|Location Map ( geo)|
|Distance:||12.1 miles (19.5 km)|
|Meets:||A610, A6002, B6009, B6010, A608, B6018, B6016, A38, B6019|
|Former Number(s):||A610, A613|
|Route outline (key)|
The B600 is a medium-length B-road in the East Midlands.
The road starts at the Nuthall island off M1 junction 26, with the A610 and A6002. The first section of this approaches Nuthall itself, and used to be the A610 before the bypass was built. A TOTSO on the B600 results just after it crosses under the M1, the old A610, now unclassified, continues through Nuthall and on to Kimberley and Eastwood. This was always the starting point of the old A613, as the M1 pre-dates the A610 bypass - junction 26 was originally a spur to the A610.

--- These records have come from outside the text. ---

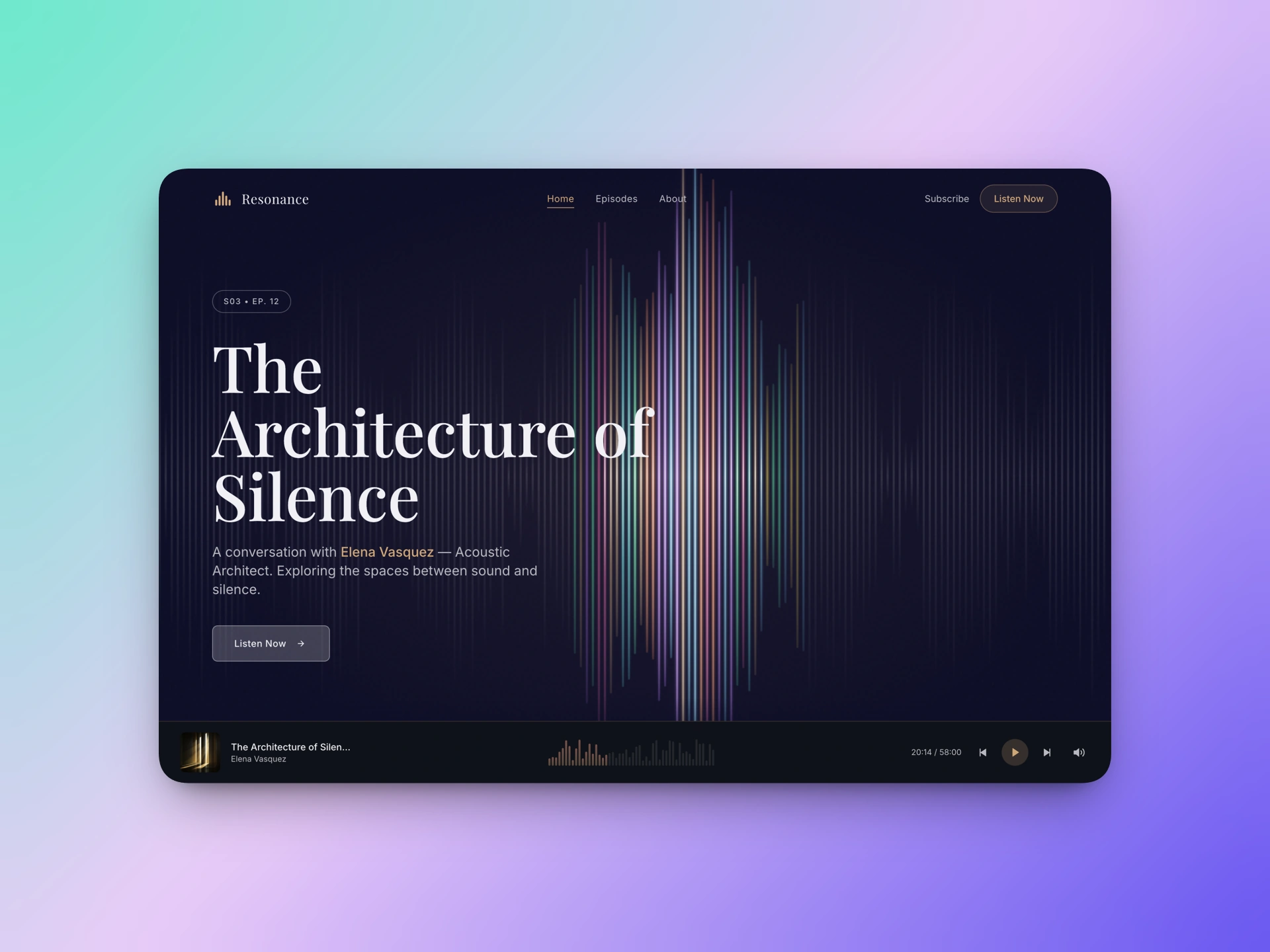 Podcast Studio Website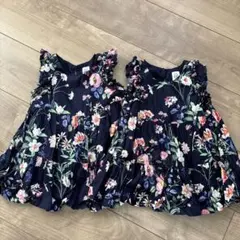 baby GAP 花柄　ワンピース 12-18month ツインズ　双子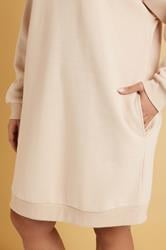 YOURS Plus Size Natural Brown Sweatshirt Dress | Yours Clothing 2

Skirting Nuthall to the north we enter Watnall, shortly after which the B6009 leaves towards Hucknall. The B600 passes through small villages like Greasley and then Moorgreen, where it meets the B6010 to Eastwood. Now more rural, it twists past Moorgreen reservoir, running across the dam, and on towards Underwood and the A608. The two roads multiplex for a while; given the current situation it is surprising that the junction priorities favour the B600 - the A608 has to give way to the B600 at both junctions. However, when you consider the B600 is the former A613 it becomes more logical, plus the trajectories of the junctions are both quite acute.

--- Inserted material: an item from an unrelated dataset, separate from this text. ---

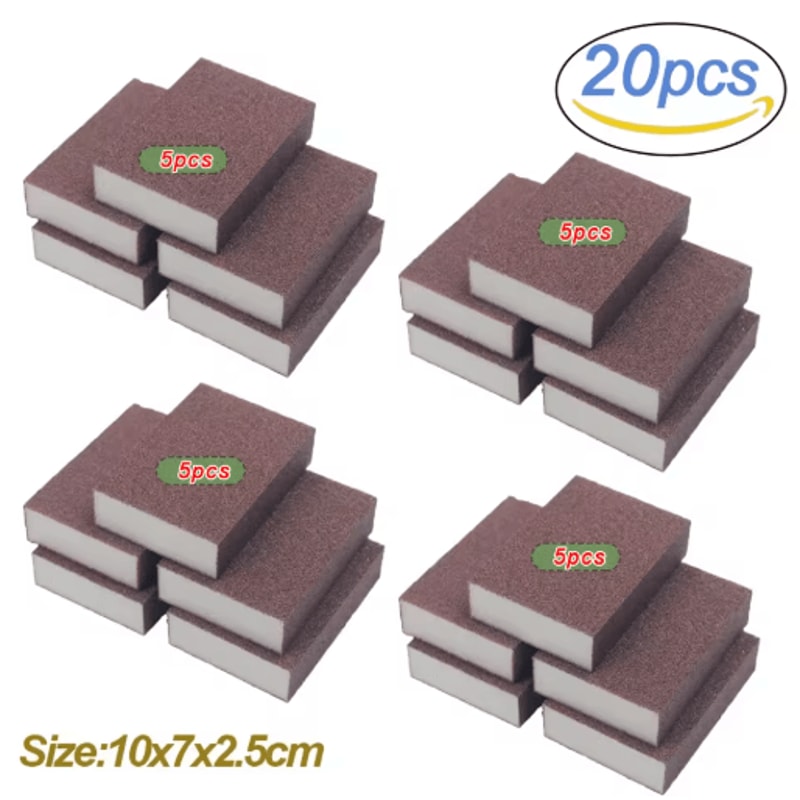 Magic Carborundum Sponge Eraser Rust And Scale Removing Cleaning Pads 1 To 8 Pcs 5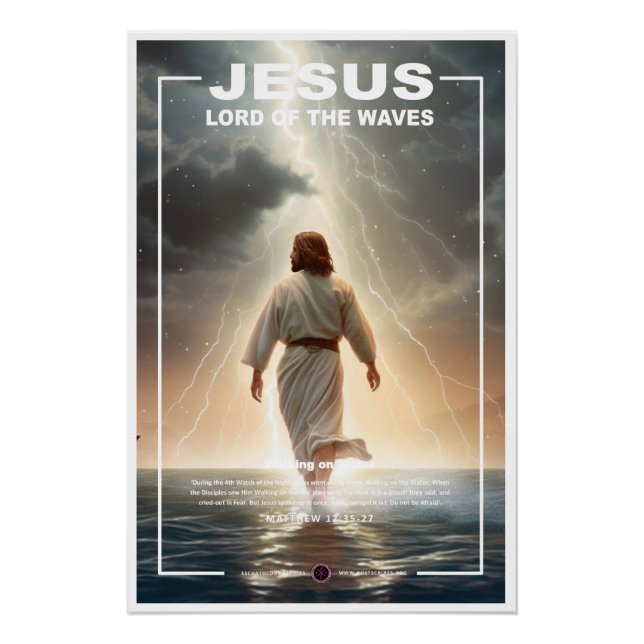 Jesus - Wasserwandern 2 Poster (Vorderseite)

Leaving Underwood on the second A608 TOTSO, the B600 heads through Bagthorpe and at Selston turns sharply left and ends its paralleling of the M1. Now heading westwards, the road shortly crosses the county boundary into Derbyshire (at Pye Bridge) and enters Somercotes. The road steers gradually to the north and then crosses the current A38 at a grade-separated interchange before entering Alfreton, where it ends at a mini-roundabout on the B6019 a short distance east of the A61.

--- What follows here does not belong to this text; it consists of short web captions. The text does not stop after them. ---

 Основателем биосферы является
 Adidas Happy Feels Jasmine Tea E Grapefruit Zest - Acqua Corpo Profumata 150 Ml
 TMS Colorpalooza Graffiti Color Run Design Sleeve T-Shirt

With the exception of the short section east of the centre of Nuthall which was the original route of the A610 all of the above was numbered A613 in 1922 and was an important route northwest of Nottingham. However, the construction of the M1 in the 1960s provided a much faster route on this corridor, so the road was given the B600 number around 1971.
This was, as far as is known, the first use of the B600 number, a fact that is due to an interesting anomaly in the English road-numbering system. In the other 5 zones, all numbers between Bx00 and Bx49 were originally allocated to the County of London (although in no cases were all 50 numbers used); however, the 6 zone did not reach central London, going no further south than Chipping Barnet, on the Middlesex/Hertfordshire border, so no numbers lower than the B650 were originally allocated. The legacy of this can be seen today, with few of these numbers ever having been used.